Sunday, March 03, 2013

Girl Scout Cookies Turn Me Into the Cookie Monster



 I'm not saying that I suddenly grow blue fur, or that I throw fistfuls of cookies at my mouth, spraying the countryside with crumbs as I masticate, nor do I use such quaint expressions as, "Me want cookie!"  No, a more debonair and urbane Cookie Monster, I, a Cookie Monster of some restraint and breeding.  Were I to transform into a Werewolf, I would still shave and eat with a knife and fork; I would probably just chase squirrels more often.

Nancy, on discovering all the Girl Scout Cookies are gone, will regard me with a squinty eye and say, "I only ate three cookies, and we had four boxes."  This seems an exaggerated claim, but I have no basis for challenging it because I have no idea how many cookies I've eaten.  When I open up a box of Samoans - I understand they prefer to be called, "Indigenous Islanders" - a gray mist rises before my eyes and I fall into a sort of trance.  When I come to, I'm sitting on the couch, clutching an empty box, a halo of cookie crumbs scattered around me, my breath reeking of coconut and milk chocolate.  A terrible emotion, not remorse, but a species of loneliness and desolation travels over my frame.  Nancy gives me an expression like Macduff saying, "All my pretty ones - o, hell kite, did you say all? - All my pretty cookies in one fell swoop?"

You need to understand, other cookies do not have this effect on me.  Even as I write this, we have a container of Oreos in the pantry.  I've eaten more than my share, I'm sure, but I've spared them in the main.  Unless Nancy has polished them off, they are there yet.  I can say to myself, "Do I want an Oreo?  I can have one if I please; I can eat the entire bunch."  But my hand trembles not, it is steady as ever; my gaze is steadfast and sure, and while I may get an Oreo cookie later (or three Oreo cookies; I never eat cookies one at a time.) for the moment I am content.
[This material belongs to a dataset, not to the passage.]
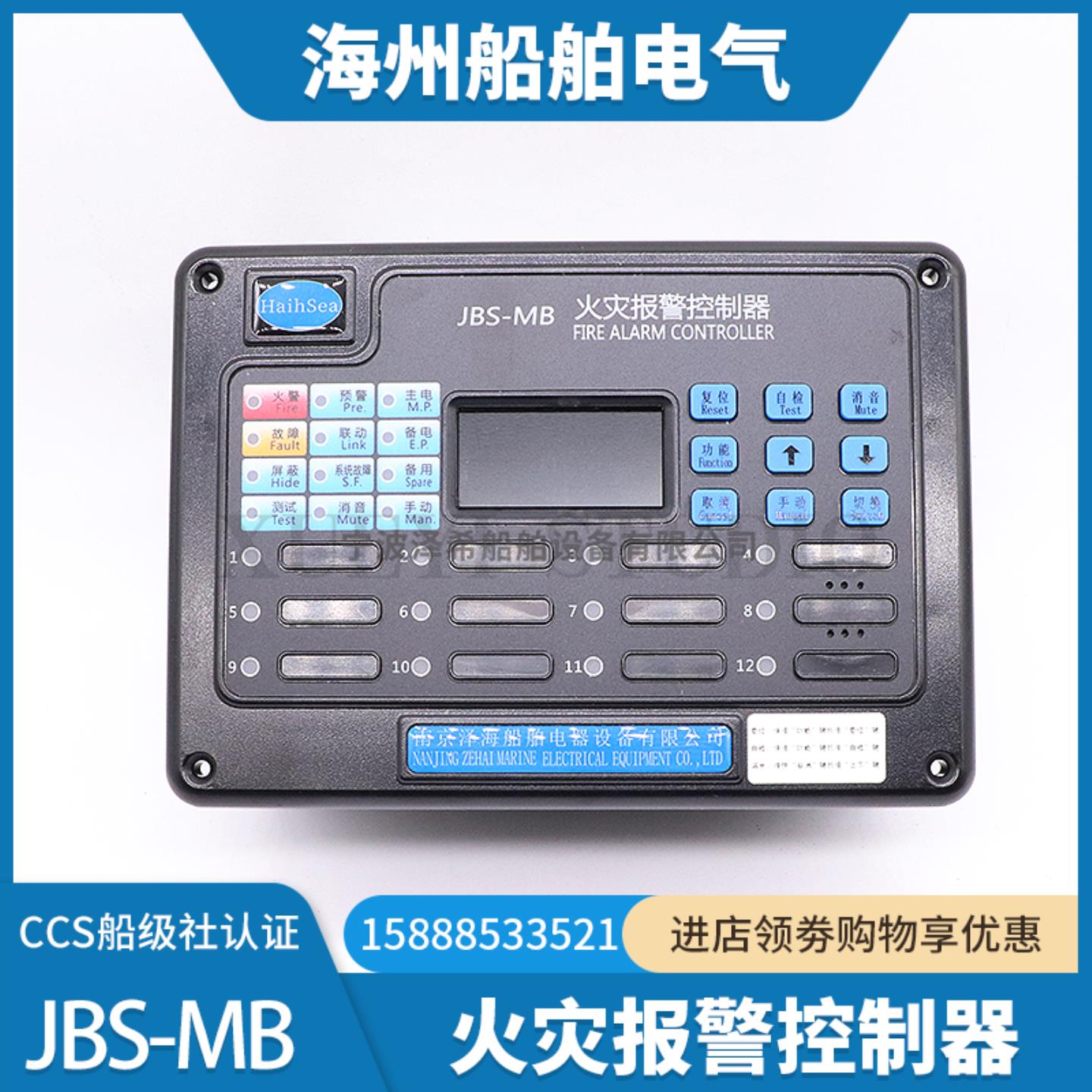 **船用火灾报警控制器12路火警主机JBS-MB/MA复示器感温感烟探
Part of the problem may be the diabolical way Girl Scouts package their products.  Thin Mints come in two long plastic sleeves.  Take four cookies out - only a man of iron would take only one - and the sleeve seems forlorn and sadly deflated at one end.  Like a sock before you push your toes all the way down.  Take four more cookies, and what a parsimonious number you have left.  Really, you can see that finishing off the rest of the sleeve would be doing it a favor.  No one wants to open a box of cookies and find such a decimated remnant. But then, there's another sleeve of cookies rattling around in a box, a box clearly designed for two sleeves.  The remaining sleeve seems lonely all by itself, doesn't it?

Next thing I know, I'm stretched out on the couch in a Thin-Mint daze and Nancy's quoting Macduff at me.  But I can't help it.  Girl Scout Cookies turn me into the Cookie Monster.